Finalmente está el kirchnerismo. Claro, esta etiqueta es reivindicada ahora por un grupo más selecto que antes del 10 de diciembre. Sus sectores más puros y duros no parecen tener lugar en la “renovación”, la que en todo caso se está desarrollando en su contra, producto de la derrota electoral. Sin embargo, no son pocos los que pretender jugar un rol, y comienzan a tender puentes para no quedarse fuera de un PJ reorganizado. Para una fuerza que supo constituir una sólida primera minoría electoral la diáspora en curso es el principal peligro. Sin embargo, herido y todo, el kirchnerismo cuenta con un liderazgo fuerte y carismático como pocos, aunque hoy aparezca guardado, y una militancia popular y juvenil de relevancia. Hay aquí un capital que puede ser puesto en juego, tanto en la construcción de una nueva experiencia, externa al Partido Justicialista, como para negociar condiciones para una integración subordinada en la anunciada “renovación”.

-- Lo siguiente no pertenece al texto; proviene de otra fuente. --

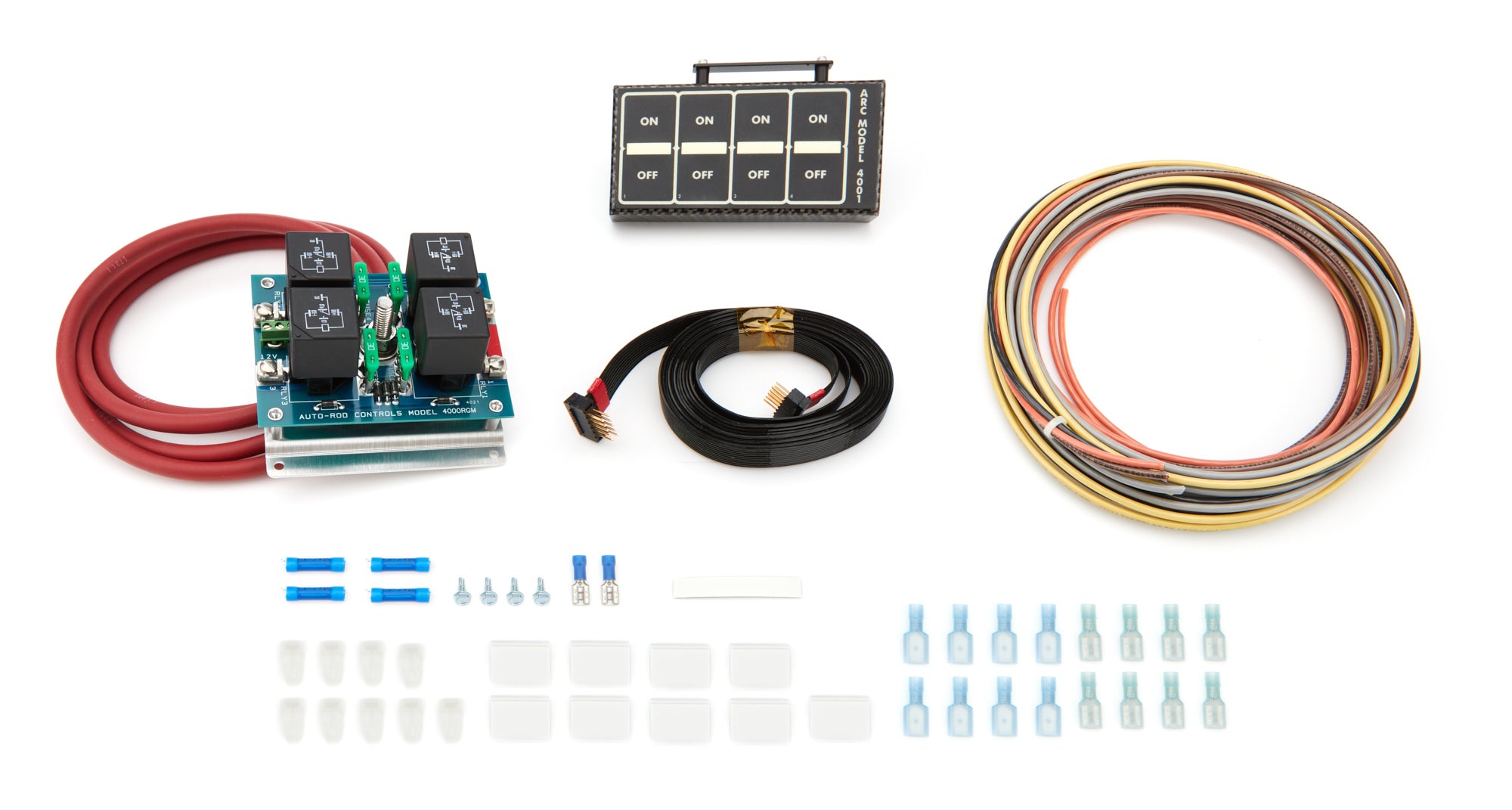 Auto Rod Controls Switch Panel - 4.875 x 2.375 in - 4 Flat Switches - Indicator Lights - Carbon Fiber 4004R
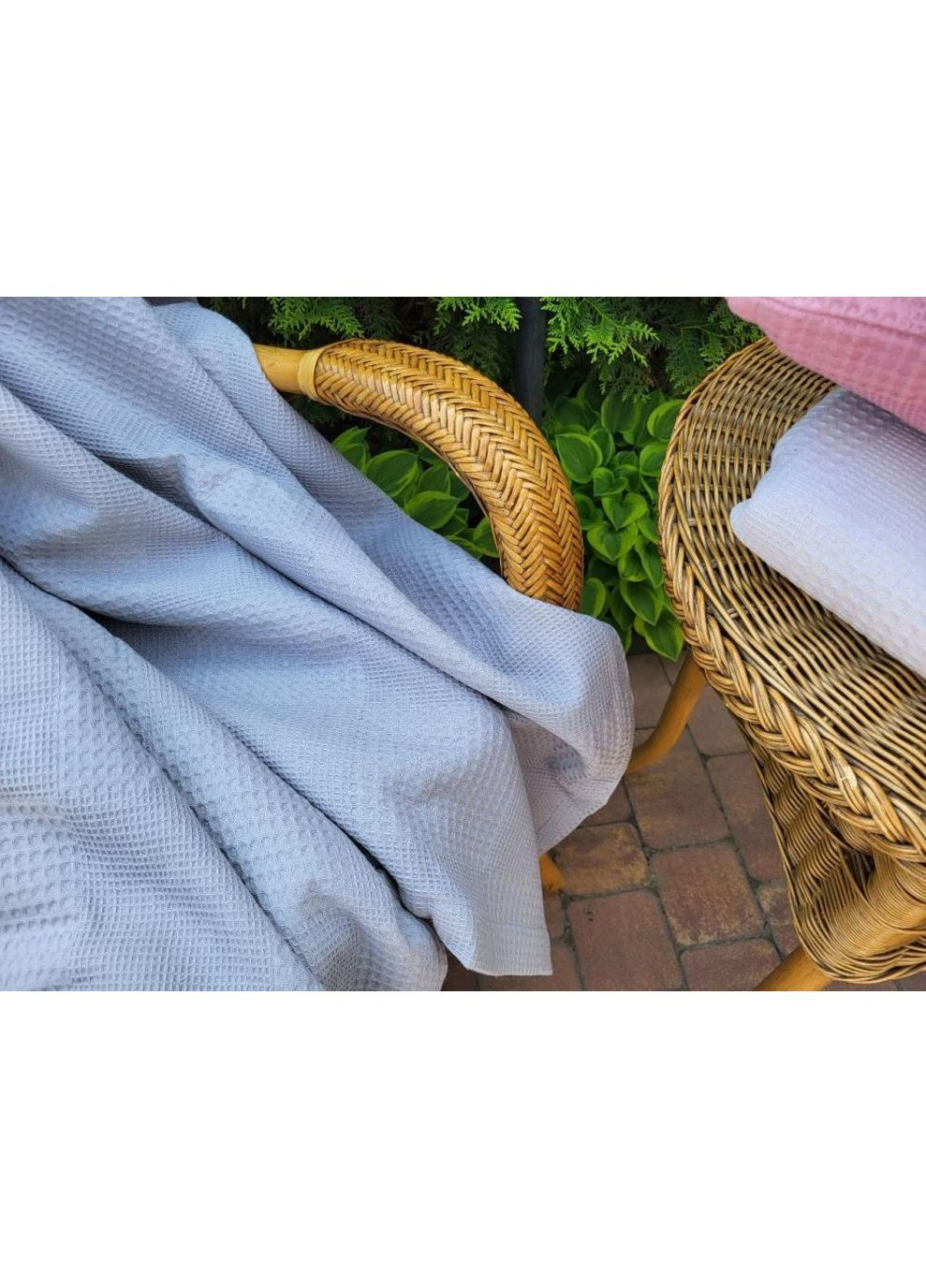 Покривало Сірий, Піке Вафелька 160*220 No Brand (363194819)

Falta que corra mucha agua bajo el puente para establecer liderazgos y posibles candidaturas. Sin embargo, hay una cosa relativamente clara. Es altamente improbable que de esta “renovación” salga algo provechoso para las clases trabajadoras y populares, aquellas que históricamente han depositado su apoyo mayoritario en el peronismo. No ocurrió en los ochenta y nada indica que vaya a ocurrir ahora. La primera como tragedia, la segunda como farsa.